To address the issue, the Wikimedia Foundation has taken a new approach. Rather than blocking bots, it is offering developers a better option.
On April 17, 2025, the Foundation announced a partnership with Kaggle, a data science platform owned by Google.
The Partnership Offer
The partnership introduces a new, openly licensed dataset that includes structured content from Wikipedia in English and French.
Developers can now access this dataset directly on Kaggle to remove the need for scraping raw web pages.
The dataset is designed with machine learning in mind. It includes short summaries, article descriptions, image links, infobox data, and organized article sections.

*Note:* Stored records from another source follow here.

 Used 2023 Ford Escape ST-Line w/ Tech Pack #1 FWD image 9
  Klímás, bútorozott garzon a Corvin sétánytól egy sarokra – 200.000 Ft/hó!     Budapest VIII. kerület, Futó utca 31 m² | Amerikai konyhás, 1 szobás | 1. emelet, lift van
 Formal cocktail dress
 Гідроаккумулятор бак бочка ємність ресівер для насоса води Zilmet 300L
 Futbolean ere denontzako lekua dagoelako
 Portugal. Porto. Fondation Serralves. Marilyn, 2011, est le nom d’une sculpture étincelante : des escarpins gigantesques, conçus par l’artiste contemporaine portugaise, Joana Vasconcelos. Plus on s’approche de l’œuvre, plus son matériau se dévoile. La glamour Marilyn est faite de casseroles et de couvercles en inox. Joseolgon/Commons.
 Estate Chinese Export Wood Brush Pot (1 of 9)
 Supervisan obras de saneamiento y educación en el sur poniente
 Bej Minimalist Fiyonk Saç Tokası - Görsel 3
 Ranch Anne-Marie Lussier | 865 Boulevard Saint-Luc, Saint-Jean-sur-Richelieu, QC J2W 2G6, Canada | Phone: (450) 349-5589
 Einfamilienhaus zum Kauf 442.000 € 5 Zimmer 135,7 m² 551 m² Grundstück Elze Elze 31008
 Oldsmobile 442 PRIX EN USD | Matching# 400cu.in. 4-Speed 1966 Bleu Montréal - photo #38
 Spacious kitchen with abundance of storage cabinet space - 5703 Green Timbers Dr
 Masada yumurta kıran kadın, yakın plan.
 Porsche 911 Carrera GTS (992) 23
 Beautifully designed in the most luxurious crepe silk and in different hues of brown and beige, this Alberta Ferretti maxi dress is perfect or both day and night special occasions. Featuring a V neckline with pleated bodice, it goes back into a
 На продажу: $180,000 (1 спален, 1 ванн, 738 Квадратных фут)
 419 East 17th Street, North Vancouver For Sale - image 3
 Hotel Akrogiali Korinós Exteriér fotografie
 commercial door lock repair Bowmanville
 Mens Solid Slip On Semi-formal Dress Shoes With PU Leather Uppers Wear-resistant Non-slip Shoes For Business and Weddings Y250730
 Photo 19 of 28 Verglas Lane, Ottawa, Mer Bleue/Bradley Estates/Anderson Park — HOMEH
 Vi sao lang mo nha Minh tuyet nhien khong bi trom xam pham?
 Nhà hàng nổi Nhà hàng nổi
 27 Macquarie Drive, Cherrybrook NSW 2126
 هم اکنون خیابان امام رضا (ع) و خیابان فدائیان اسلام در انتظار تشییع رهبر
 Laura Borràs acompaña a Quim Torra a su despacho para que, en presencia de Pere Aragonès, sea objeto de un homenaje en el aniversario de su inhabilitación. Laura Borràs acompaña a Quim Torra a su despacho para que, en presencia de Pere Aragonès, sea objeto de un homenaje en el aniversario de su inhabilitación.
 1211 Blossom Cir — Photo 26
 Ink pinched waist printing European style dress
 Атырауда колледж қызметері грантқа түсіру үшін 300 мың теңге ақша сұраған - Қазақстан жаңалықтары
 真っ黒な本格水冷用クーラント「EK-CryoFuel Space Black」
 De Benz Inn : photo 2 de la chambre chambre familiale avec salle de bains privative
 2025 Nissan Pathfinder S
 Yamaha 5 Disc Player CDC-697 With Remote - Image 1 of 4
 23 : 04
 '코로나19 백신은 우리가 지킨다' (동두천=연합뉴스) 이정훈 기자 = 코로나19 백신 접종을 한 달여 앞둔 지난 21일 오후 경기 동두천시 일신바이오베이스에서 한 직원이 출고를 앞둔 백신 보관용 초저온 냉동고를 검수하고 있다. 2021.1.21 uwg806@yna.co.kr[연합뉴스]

It does not, however, include references, audio files, or other non-text content. The format is clean, consistent, and easy for machines to read, specifically in JSON.
Also read: How AI Handles Large Data Sets
What Developers Want
Many AI models rely on Wikipedia for training data, but scraping the site is inefficient and risky.
The new dataset solves this issue by offering clean, ready-to-use information. It also saves time, reduces errors, and makes legal reuse simpler.
Developers aren’t the only ones with something to gain; smaller teams and individual researchers also. They now have access to the same kind of structured data that was once only available to large tech firms.
Benefits for Wikipedia
Wikipedia gains just as much. The new strategy reduces server load and discourages aggressive scraping. It also allows the Foundation to guide how its content is used.
Kaggle’s Role in the Collaboration
Kaggle is widely used by data scientists to host datasets, public notebooks, and competitions. With a Kaggle partnership, Wikimedia ensures broad access and easy adoption.
Brenda Flynn, Kaggle’s partnerships lead, stated:
“Kaggle is excited to play a role in keeping this data accessible, available, and useful.”
Now, anyone on Kaggle can explore, analyze, and even build projects using Wikipedia’s structured content.
Why Not Just Block the Bots?
Blocking AI bots may seem like a simpler solution, but Wikipedia was built on the idea of openness. Cutting off bots entirely would conflict with its original mission.
Instead, the Foundation chose to meet developers halfway. It offers a cleaner, more reliable option, and in return, it hopes developers will stop scraping and use the official dataset.